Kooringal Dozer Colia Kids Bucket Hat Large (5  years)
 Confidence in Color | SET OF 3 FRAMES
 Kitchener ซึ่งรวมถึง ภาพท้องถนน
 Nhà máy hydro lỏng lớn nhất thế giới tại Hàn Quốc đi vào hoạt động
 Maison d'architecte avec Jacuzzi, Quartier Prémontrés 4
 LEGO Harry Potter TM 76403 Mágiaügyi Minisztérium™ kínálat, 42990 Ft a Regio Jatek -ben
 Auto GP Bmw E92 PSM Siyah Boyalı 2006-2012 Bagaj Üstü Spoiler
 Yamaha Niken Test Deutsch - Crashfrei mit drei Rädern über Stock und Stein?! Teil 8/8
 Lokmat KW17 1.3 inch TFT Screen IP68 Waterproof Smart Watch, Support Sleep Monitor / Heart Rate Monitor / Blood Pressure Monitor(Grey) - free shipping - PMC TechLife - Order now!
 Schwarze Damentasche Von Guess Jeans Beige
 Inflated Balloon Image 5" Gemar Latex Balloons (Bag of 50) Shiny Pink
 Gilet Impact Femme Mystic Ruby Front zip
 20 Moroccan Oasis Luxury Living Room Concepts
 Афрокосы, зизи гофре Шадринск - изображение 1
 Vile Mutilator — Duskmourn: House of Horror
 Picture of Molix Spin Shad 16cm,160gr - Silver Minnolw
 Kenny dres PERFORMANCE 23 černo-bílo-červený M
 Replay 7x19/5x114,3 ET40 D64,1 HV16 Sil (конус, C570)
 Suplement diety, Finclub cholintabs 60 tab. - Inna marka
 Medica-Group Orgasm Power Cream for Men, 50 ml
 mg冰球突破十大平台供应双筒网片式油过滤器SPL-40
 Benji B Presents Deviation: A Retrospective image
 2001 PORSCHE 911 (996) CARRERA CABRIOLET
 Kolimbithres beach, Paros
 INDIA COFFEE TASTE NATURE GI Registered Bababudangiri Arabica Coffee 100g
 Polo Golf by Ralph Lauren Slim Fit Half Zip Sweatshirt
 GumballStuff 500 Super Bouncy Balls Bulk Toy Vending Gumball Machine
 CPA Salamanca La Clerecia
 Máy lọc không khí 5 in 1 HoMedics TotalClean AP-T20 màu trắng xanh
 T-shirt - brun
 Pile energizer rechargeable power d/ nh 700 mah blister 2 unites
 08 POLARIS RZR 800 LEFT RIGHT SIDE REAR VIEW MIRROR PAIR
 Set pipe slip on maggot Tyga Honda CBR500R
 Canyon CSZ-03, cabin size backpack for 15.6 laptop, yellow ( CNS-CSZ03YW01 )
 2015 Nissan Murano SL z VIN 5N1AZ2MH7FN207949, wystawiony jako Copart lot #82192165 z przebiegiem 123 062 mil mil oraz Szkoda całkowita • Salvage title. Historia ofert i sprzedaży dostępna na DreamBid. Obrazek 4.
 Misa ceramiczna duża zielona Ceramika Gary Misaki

+++

Task description> Please repeat each entry. Keep every word the same.

Exercise response>
Kooringal Dozer Colia Kids Bucket Hat Large (5  years)
 Confidence in Color | SET OF 3 FRAMES
 Kitchener ซึ่งรวมถึง ภาพท้องถนน
 Nhà máy hydro lỏng lớn nhất thế giới tại Hàn Quốc đi vào hoạt động
 Maison d'architecte avec Jacuzzi, Quartier Prémontrés 4
 LEGO Harry Potter TM 76403 Mágiaügyi Minisztérium™ kínálat, 42990 Ft a Regio Jatek -ben
 Auto GP Bmw E92 PSM Siyah Boyalı 2006-2012 Bagaj Üstü Spoiler
 Yamaha Niken Test Deutsch - Crashfrei mit drei Rädern über Stock und Stein?! Teil 8/8
 Lokmat KW17 1.3 inch TFT Screen IP68 Waterproof Smart Watch, Support Sleep Monitor / Heart Rate Monitor / Blood Pressure Monitor(Grey) - free shipping - PMC TechLife - Order now!
 Schwarze Damentasche Von Guess Jeans Beige
 Inflated Balloon Image 5" Gemar Latex Balloons (Bag of 50) Shiny Pink
 Gilet Impact Femme Mystic Ruby Front zip
 20 Moroccan Oasis Luxury Living Room Concepts
 Афрокосы, зизи гофре Шадринск - изображение 1
 Vile Mutilator — Duskmourn: House of Horror
 Picture of Molix Spin Shad 16cm,160gr - Silver Minnolw
 Kenny dres PERFORMANCE 23 černo-bílo-červený M
 Replay 7x19/5x114,3 ET40 D64,1 HV16 Sil (конус, C570)
 Suplement diety, Finclub cholintabs 60 tab. - Inna marka
 Medica-Group Orgasm Power Cream for Men, 50 ml
 mg冰球突破十大平台供应双筒网片式油过滤器SPL-40
 Benji B Presents Deviation: A Retrospective image
 2001 PORSCHE 911 (996) CARRERA CABRIOLET
 Kolimbithres beach, Paros
 INDIA COFFEE TASTE NATURE GI Registered Bababudangiri Arabica Coffee 100g
 Polo Golf by Ralph Lauren Slim Fit Half Zip Sweatshirt
 GumballStuff 500 Super Bouncy Balls Bulk Toy Vending Gumball Machine
 CPA Salamanca La Clerecia
 Máy lọc không khí 5 in 1 HoMedics TotalClean AP-T20 màu trắng xanh
 T-shirt - brun
 Pile energizer rechargeable power d/ nh 700 mah blister 2 unites
 08 POLARIS RZR 800 LEFT RIGHT SIDE REAR VIEW MIRROR PAIR
 Set pipe slip on maggot Tyga Honda CBR500R
 Canyon CSZ-03, cabin size backpack for 15.6 laptop, yellow ( CNS-CSZ03YW01 )
 2015 Nissan Murano SL z VIN 5N1AZ2MH7FN207949, wystawiony jako Copart lot #82192165 z przebiegiem 123 062 mil mil oraz Szkoda całkowita • Salvage title. Historia ofert i sprzedaży dostępna na DreamBid. Obrazek 4.
 Misa ceramiczna duża zielona Ceramika Gary Misaki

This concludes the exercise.